There were times they doubted the design. There were times they doubted they would meet deadlines. There were times they doubted whether they would ever complete construction. However, after more than two years, the hard work and perseverance by students from the University of Denver’s Burns School and the University of California at Berkeley paid off. The team took third place in the U.S. Department of Energy’s Solar Decathlon competition, which took place Oct. 5-15 in Denver.
“Getting the house here was winning and everything else was icing on top of the cake,” says Sam Durkin, the student project manager from UC Berkeley. “We put something together that was an amazing finished product. It really is the people who put their hearts and souls into the house that made the house so special.”
Eleven student teams from around the world competed in 10 different categories that included architectural design, water conservation, energy production and even communication strategy. The DU/UC Berkeley team performed exceptionally well in the four that were not subjective and that measured the overall efficiency of the home. The team finished first in appliances; second in energy; second in health and comfort — which tracks whether the home traps the cold and warm air it produces — and second in home life, which measures whether the house is capable of being a home.
Students from UC Berkeley were accepted into the competition in 2015 and started working on planning and designing the home. Earlier this year they partnered with DU’s Franklin L. Burns School of Real Estate and Construction Management to make the home a reality.
“Without [the Berkeley team], we couldn’t even have been here. On the flip side, without DU, we couldn’t have gotten finished,” says Eric Holt, an assistant professor in the Burns School who advised students on the project. “This has been a phenomenal melding of two great schools who realized the design strengths versus the construction management strengths. We needed each other to do this.”
With the competition now complete, the DU/UC Berkeley home will be donated to Habitat for Humanity, which will prepare it for a Denver family in need.
“I think we are all excited that a family gets to live in the third-place solar decathlon home,” Durkin says. “We didn’t want to see it go to waste. It did awesome here, but now it has a future and it’s going to be someone’s real home and that’s special.”
Three other homes — belonging to teams from Missouri University of Science and Technology; University of California, Davis; Embry-Riddle Aeronautical University; and Daytona State College —also will remain in Denver and will likely go to families in need.
For Holt, he is already looking to the future.
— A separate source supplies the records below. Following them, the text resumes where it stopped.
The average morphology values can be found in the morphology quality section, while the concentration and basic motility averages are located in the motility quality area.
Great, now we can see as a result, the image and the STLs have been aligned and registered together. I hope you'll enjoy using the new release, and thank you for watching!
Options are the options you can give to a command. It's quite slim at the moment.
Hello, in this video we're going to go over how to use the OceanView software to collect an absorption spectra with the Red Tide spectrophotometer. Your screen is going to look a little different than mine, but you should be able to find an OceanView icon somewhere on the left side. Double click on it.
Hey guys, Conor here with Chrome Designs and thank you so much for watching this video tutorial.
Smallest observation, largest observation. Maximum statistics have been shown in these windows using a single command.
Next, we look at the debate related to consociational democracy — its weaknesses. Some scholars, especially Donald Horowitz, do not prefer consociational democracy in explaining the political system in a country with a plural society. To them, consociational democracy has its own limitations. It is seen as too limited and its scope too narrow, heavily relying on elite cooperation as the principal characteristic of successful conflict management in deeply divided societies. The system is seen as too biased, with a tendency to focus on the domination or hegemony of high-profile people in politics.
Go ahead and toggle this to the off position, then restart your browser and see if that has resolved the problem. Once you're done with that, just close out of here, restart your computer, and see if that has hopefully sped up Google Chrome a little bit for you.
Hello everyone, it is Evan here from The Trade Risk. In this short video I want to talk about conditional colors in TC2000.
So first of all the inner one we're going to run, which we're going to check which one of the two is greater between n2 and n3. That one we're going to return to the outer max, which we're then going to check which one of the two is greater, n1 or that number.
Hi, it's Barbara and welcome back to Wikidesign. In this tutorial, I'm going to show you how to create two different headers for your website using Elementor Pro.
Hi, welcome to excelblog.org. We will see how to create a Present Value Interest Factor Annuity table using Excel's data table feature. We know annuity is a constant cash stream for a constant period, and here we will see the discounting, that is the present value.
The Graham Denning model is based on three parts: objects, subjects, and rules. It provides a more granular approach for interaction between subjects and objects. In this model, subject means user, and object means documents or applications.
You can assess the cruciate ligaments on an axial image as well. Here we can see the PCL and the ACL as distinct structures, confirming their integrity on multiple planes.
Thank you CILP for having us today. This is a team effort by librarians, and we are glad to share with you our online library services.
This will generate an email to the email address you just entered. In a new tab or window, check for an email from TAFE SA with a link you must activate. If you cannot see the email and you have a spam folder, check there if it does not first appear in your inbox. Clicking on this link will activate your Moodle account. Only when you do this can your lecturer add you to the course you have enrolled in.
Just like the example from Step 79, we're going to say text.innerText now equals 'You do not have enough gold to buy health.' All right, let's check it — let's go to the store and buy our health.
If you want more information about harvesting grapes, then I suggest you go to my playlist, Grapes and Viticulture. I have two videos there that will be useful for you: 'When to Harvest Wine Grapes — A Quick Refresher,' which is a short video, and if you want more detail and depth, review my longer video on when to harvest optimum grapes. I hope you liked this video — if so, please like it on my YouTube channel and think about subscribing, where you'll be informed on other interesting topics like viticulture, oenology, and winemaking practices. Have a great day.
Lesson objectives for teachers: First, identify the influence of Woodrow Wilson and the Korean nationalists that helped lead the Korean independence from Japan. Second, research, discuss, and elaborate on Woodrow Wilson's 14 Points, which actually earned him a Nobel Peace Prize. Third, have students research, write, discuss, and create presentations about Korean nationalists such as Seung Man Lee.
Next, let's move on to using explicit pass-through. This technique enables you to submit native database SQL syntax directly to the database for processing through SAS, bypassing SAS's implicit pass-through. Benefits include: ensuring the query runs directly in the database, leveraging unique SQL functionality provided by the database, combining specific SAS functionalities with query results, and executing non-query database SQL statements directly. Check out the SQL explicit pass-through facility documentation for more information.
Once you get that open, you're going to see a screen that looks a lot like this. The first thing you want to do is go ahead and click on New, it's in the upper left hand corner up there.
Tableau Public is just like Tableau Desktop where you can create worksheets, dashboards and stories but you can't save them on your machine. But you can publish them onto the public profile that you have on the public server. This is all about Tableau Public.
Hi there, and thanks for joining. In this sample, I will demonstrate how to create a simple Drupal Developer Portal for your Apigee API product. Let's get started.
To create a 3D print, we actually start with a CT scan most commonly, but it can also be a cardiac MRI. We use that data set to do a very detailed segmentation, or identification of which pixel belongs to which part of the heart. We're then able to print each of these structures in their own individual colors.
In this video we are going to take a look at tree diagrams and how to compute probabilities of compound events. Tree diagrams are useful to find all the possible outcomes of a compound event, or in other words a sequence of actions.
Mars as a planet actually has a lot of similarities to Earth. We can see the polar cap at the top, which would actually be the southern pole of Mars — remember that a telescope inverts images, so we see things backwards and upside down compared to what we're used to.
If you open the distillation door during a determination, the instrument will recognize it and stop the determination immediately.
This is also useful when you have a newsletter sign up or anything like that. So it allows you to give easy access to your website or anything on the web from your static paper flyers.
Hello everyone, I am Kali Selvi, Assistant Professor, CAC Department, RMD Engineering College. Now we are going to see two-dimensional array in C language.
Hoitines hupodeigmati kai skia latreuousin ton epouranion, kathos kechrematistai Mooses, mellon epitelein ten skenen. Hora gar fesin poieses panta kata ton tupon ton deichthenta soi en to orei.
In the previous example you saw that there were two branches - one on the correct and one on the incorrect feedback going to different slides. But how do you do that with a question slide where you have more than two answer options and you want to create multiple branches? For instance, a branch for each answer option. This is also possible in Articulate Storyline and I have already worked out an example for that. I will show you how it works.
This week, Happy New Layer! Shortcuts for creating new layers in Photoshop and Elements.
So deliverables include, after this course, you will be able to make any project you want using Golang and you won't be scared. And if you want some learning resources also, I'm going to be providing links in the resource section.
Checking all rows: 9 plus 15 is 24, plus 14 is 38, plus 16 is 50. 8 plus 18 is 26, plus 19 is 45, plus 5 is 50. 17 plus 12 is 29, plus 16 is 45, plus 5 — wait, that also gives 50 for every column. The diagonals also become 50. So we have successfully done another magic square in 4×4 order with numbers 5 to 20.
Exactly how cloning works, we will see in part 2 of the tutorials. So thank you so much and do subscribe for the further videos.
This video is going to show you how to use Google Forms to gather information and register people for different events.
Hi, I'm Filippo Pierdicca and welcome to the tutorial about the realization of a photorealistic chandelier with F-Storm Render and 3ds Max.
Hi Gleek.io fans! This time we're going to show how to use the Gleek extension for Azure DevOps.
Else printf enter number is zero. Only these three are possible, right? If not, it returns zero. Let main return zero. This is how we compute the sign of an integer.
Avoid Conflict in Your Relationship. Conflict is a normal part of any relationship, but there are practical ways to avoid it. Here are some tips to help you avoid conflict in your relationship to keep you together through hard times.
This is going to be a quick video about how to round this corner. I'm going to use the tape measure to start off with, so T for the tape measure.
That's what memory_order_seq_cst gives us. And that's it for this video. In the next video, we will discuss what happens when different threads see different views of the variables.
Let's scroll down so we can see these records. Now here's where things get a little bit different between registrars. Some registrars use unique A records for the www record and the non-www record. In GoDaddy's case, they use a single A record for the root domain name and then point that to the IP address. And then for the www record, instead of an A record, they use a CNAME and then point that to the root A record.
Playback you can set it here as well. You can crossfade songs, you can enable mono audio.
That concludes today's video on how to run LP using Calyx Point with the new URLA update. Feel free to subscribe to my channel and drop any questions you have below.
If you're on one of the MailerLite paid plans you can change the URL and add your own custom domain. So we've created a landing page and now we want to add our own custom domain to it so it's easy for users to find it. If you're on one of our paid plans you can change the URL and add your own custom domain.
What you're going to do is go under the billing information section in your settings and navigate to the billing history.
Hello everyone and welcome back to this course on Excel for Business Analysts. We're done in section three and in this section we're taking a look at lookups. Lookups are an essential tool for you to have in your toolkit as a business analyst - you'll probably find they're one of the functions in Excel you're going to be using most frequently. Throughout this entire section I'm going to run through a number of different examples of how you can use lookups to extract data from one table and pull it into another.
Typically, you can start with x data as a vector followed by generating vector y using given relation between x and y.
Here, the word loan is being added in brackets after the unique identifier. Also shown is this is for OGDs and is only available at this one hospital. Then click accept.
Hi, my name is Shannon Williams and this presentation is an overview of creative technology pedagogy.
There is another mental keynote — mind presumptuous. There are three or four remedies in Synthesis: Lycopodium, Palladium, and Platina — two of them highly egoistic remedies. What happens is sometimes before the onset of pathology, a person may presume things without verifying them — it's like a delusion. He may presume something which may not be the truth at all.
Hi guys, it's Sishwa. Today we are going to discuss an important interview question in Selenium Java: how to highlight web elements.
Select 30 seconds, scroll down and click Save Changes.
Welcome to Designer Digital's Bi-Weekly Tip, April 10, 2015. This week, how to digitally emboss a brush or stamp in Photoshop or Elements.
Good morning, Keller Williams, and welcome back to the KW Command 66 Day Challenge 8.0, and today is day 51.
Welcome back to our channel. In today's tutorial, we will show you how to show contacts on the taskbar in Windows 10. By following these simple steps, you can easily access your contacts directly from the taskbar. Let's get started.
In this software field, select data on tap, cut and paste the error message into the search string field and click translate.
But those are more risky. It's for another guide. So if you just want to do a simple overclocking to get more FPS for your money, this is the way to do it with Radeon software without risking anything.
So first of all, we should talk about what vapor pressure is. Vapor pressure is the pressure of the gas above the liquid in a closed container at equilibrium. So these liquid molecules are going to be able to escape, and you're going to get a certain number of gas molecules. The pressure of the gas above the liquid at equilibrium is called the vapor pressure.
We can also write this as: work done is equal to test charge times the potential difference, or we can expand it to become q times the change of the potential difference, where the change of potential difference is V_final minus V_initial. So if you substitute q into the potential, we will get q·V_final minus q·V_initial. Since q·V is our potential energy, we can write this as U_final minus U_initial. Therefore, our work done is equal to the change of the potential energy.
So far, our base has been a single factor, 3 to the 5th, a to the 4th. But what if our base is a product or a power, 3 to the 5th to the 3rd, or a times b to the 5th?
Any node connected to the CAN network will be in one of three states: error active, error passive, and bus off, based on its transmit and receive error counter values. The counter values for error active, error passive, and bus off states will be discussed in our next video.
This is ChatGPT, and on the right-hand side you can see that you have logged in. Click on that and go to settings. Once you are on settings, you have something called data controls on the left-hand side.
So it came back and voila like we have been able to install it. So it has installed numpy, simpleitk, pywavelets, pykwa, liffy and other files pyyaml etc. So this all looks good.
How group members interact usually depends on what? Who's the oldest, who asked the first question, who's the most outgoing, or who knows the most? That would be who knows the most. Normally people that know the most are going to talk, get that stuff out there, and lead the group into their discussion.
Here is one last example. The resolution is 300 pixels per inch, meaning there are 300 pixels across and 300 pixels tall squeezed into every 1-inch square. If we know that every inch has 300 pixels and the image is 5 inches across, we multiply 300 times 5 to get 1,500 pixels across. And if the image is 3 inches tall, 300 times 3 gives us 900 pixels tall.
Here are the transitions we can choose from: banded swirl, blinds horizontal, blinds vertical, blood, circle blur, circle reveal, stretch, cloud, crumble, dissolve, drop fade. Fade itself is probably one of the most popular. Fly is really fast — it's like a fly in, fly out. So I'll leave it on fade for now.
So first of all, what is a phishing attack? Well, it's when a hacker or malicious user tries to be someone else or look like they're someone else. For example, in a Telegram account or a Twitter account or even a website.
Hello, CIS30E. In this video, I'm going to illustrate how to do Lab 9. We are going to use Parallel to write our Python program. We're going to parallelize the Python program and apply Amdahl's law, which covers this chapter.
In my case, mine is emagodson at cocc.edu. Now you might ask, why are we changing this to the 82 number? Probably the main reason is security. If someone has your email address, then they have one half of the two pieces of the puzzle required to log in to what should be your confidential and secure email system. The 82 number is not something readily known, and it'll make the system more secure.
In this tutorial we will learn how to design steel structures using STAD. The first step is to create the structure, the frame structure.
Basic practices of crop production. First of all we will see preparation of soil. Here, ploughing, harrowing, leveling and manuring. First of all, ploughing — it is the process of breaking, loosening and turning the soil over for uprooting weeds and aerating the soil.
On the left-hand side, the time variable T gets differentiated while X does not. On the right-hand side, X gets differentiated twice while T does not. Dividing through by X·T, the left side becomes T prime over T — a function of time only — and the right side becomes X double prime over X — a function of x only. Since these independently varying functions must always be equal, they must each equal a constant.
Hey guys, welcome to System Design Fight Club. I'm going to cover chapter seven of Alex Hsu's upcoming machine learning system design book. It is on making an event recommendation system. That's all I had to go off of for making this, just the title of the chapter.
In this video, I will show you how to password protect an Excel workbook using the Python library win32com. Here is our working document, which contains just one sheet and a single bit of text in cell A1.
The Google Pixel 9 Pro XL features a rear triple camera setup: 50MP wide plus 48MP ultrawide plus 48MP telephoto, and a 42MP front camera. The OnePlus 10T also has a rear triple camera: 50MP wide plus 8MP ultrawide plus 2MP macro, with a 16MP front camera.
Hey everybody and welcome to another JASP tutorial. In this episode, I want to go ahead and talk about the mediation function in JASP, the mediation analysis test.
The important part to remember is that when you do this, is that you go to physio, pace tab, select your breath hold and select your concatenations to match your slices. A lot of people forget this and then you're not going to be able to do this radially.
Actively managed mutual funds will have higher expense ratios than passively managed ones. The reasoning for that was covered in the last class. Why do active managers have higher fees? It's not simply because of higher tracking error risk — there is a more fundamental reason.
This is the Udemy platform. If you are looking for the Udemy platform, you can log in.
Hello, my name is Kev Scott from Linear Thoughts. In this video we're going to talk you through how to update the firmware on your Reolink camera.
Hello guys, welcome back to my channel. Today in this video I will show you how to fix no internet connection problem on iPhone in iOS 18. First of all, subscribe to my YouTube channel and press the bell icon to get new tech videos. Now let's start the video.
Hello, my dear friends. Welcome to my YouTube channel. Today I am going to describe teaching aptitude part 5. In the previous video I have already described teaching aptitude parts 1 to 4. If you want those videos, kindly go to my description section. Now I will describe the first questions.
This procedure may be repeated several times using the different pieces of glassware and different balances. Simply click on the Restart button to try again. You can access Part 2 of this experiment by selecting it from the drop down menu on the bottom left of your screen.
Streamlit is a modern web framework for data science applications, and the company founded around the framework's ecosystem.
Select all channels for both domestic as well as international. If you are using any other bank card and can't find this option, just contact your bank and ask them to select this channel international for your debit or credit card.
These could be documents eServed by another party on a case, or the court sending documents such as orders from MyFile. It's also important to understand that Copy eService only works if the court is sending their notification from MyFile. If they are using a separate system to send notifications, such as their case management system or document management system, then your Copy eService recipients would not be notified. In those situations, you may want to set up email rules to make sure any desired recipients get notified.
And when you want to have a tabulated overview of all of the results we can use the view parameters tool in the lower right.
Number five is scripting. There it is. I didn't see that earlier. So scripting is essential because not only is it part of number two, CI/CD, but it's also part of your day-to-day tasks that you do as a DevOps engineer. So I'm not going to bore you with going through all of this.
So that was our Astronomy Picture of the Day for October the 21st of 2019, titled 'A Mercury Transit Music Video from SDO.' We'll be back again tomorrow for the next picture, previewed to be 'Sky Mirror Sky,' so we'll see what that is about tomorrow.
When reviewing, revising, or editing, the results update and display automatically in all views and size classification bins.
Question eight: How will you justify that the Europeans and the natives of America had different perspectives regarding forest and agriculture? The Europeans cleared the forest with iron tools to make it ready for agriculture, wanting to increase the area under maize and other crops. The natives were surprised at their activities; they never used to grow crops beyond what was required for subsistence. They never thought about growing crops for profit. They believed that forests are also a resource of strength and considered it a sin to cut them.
The international competition returns to Denver in 2020, and he is ready to put together a team representing the University of Denver.
“This is not a construction management competition; this is a full collaborative and entire university competition,” Holt says. “This competition fits the mission of DU being a very hands-on learning opportunity and then ties it back to the community — we built a house for the Denver community.”
Wow! Fantastic! As an alum who has been an investor in renewable energy startups since 2003, I am thrilled to see this effort. Can we see more pictures of the home?
Yes, absolutely. How would it be best to send them over?